For the purpose of differentiating BD from SC and MDD, models were obtained by bioinformatics analysis and machine learning screening. The differentiation between BD and SC by RBM10 proved effective. Expression of RBM10 appeared greater in the SC group as opposed to the BD group. According to the KEGG analysis, a correlation between BD and SC may be due to the existence of spliceosome. Immune infiltration analysis was also carried out, which showed a prominent variation among the two groups for Naive B, Resting NK, and Activated Mast Cells (P < 0.05). In addition, immune infiltration analysis was performed, and the findings indicated a substantial variation among Naive B and Memory B cells in BD and MDD (P < 0.05).

RBM10 is a protein-coding gene linked to the hnRNP protein and may be involved in regulating selective splicing. Very few existing studies focused on the correlation between RBM10 and SC or BD, but it was observed that disruption at the level of selective splicing isoforms rather than the level of gene expression is a major source of pathological effects in psychiatric and neurological disorders20. The results of Michael J. Gandal et al. showed that by genotyping and RNA sequencing in brain samples from 1695 subjects with autism, SC, BD, and controls, more than 25% of the transcriptome exhibited differential splicing or expression, with changes in isoform levels capturing the greatest disease effects and genetic enrichment, and co-expression networks showing disease-specific neuronal mutation21.

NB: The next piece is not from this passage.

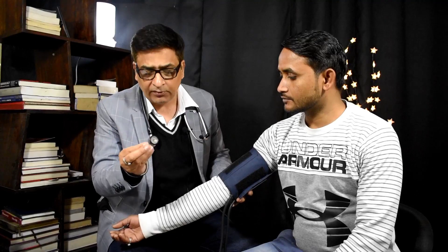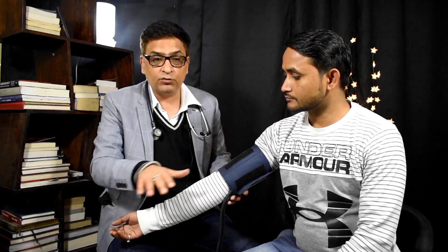Left arm heart ke nearest hoti hai, isliye koshish karo left arm se dekho. Vaise right arm se bhi dekh sakte hain — zyada fark nahi padta, 10 mm ka fark padta hai. Ab jo instrument hai BP wala, woh is level par hona chahiye. Agar patient leta hua hai toh BP instrument bhi bed par rakh do — level par hona chahiye. Teesra — patient relax hona chahiye.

LYPD1 (Lynx2) is a nAChR regulator that is expressed in postmitotic central and peripheral neurons in embryonic and postnatal mice22 and regulates α4β2-nAChRs23. According to Ayse B Tekinay et al., deletion of Lynx2 leads to elevated anxiety-like behavior, suggesting that LYNX2 binds and regulates neuronal nicotinic acetylcholine receptors and that deletion of Lynx2 alters the action of nicotine on prefrontal cortical glutamatergic signaling23.

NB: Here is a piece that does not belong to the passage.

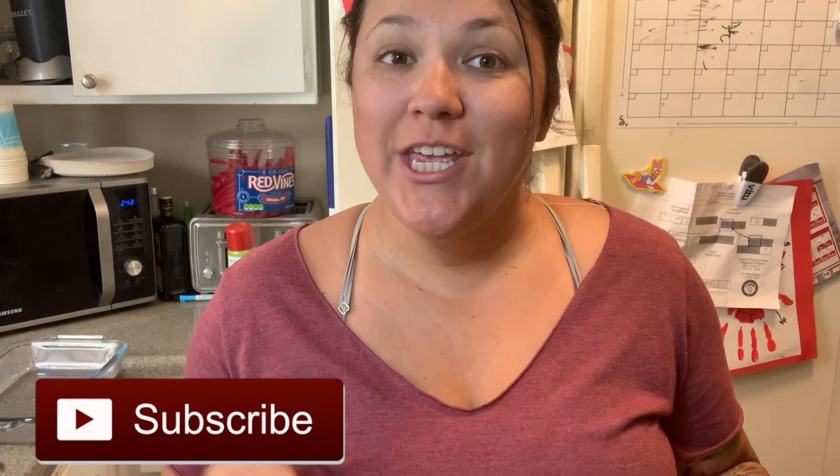What's up everyone, welcome back to my channel. My name is Melinda Espinosa Haslam. If you are new to my channel, please do not forget to subscribe, hit the notification bell, and give this video a like.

Numerous research has revealed the importance of vascular endothelial growth factor (VEGF) in antidepressants24, which vitally mediates the neurogenic and behavioral actions of several antidepressants25. The neurogenic and neuroprotective actions of VEGF are capable of influencing hippocampal-dependent processes, including learning and memory26. In addition, SETD3 interacts with FoxM1 at the VEGF promoter, and it is capable of transcriptionally regulating the expression of VEGF. It was observed that SETD3 knockdown alleviates depressive symptoms in post-stroke depression in rats based on a study by Yun Feng et al. on murine post-stroke depression27.

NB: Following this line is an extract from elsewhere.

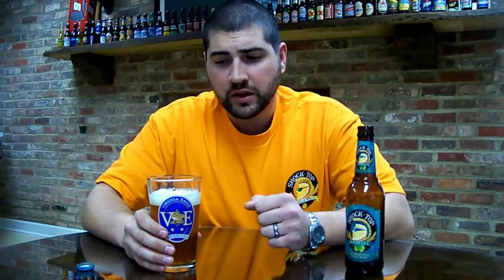Keeping with the classic Shock Top style, primarily a wheat flavor. Finishes with a bit of hops and fairly citrusy. Overall, I feel like it's a good intro for IPA drinkers, but also has enough IPA in it to keep the IPA drinkers happy, while also marrying it with the wheat drinkers. Cheers.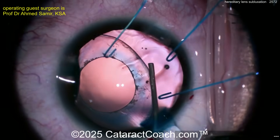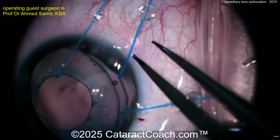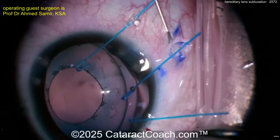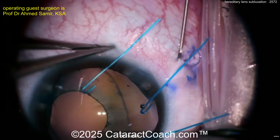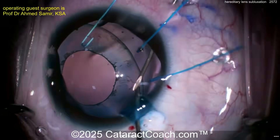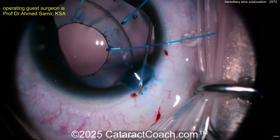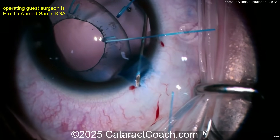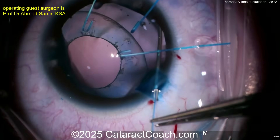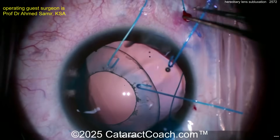Taking out the iris hooks now. We have a nice empty capsular bag, thick vitreous, and an intact anterior hyaloid face. Measuring back — looks like two and a half millimeters — probably doing a Yamane-type technique. Getting inside here, bringing that hollow bore needle outside the main incision. It looks like a suture — looks like a prolene suture, probably 6-0 prolene — so maybe some sort of flange technique coming up. Threading that through and pulling it out.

This research has several limitations1; While being useful in this investigation, the diagnostic prediction model did not receive further validation through experimentation2. Due to the lack of corresponding clinical correlation studies, analysis of the model concerning clinical information could not be conducted.

Conclusion

In this study, RBM10 was found as a candidate gene to distinguish BD from SC and LYPD1, HMBS, HEBP2, SETD3, and ECM2 as five candidate genes to distinguish BD from MDD. The results obtained from the ANN network showed that the candidate genes could better distinguish BD from SC and MDD (76.923% and 81.538%).